New prognostic scoring system for primary myelofibrosis based on a study of the International Working Group for Myelofibrosis Research and Treatment

Francisco Cervantes1, Brigitte Dupriez2, Arturo Pereira1, Francesco Passamonti3, John T. Reilly4, Enrica Morra5, Alessandro M. Vannucchi6, Ruben A. Mesa7, Jean-Loup Demory2, Giovanni Barosi8, Elisa Rumi3, and Ayalew Tefferi7

1 Hematology Department, Hospital Clínic, Institut d'Investigacions Biomèdiques August Pi i Sunyer (IDIBAPS), University of Barcelona, Barcelona, Spain; 2 Centre Hospitalier, Lens and Lille, France; 3 Hematology Division, Fondazione Istituto di Ricovero e Cura a Carattere Scientifico (IRCCS) Policlinico S Matteo, University of Pavia, Pavia, Italy; 4 Royal Hallamshire Hospital, Sheffield, United Kingdom; 5 Universita Milano-Niguarda, Milan, Italy; 6 University of Florence, Florence, Italy; 7 Division of Hematology, Mayo Clinic College of Medicine, Rochester, MN; and 8 Unit of Clinical Epidemiology, Center for the Study of Myelofibrosis, Fondazione IRCCS Policlinico S Matteo, Pavia, Italy

Therapeutic decision-making in primary myelofibrosis (PMF) is becoming more challenging because of the increasing use of allogeneic stem cell transplantation and new investigational drugs. To enhance this process by developing a highly discriminative prognostic system, 1054 patients consecutively diagnosed with PMF at 7 centers were studied. Overall median survival was 69 months (95% confidence interval [CI]: 61-76).
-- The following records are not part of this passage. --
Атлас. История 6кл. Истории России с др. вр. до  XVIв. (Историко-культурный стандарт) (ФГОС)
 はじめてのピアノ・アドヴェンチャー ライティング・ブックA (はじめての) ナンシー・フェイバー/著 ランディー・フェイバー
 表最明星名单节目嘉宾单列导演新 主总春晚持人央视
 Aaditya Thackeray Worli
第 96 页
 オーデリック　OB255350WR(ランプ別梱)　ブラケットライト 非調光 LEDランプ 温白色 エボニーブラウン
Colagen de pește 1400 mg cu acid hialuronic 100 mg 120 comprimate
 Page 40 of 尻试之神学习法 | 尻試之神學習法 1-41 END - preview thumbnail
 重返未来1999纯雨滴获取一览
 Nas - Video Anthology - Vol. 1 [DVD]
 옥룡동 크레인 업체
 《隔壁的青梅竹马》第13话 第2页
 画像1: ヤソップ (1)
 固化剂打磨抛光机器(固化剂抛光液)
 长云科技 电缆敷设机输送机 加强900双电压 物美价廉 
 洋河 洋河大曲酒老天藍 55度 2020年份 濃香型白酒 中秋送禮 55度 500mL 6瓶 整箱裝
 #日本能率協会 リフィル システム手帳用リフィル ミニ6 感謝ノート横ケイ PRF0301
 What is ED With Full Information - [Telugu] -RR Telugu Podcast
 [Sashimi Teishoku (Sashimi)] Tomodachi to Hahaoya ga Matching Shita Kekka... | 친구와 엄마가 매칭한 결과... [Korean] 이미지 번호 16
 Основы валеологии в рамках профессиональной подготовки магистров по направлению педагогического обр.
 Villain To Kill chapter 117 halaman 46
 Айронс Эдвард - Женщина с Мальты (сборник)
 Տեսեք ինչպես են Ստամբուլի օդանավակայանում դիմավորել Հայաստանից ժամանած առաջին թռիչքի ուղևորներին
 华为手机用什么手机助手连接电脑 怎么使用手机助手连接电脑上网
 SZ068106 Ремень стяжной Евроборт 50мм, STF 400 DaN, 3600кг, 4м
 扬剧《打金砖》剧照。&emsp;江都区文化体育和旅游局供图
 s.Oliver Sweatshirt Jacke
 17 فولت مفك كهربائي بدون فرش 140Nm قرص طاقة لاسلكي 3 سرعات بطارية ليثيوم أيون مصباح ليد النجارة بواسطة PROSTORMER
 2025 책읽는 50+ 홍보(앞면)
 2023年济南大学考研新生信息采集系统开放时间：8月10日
Multivariate analysis of parameters obtained at disease diagnosis identified age greater than 65 years, presence of constitutional symptoms, hemoglobin level less than 10 g/dL, leukocyte count greater than 25 x 109/L, and circulating blast cells 1% or greater as predictors of shortened survival. Based on the presence of 0 (low risk), 1 (intermediate risk-1), 2 (intermediate risk-2) or greater than or equal to 3 (high risk) of these variables, 4 risk groups with no overlapping in their survival curves were delineated; respective median survivals were 135, 95, 48, and 27 months (P < .001). Compared with prior prognostic models, the new risk stratification system displayed higher predictive accuracy, replicability, and discriminating power. In 409 patients with assessable metaphases, cytogenetic abnormalities were associated with shorter survival, but their independent contribution to prognosis was restricted to patients in the intermediate-risk groups. JAK2V617F did not cluster with a specific risk group or affect survival.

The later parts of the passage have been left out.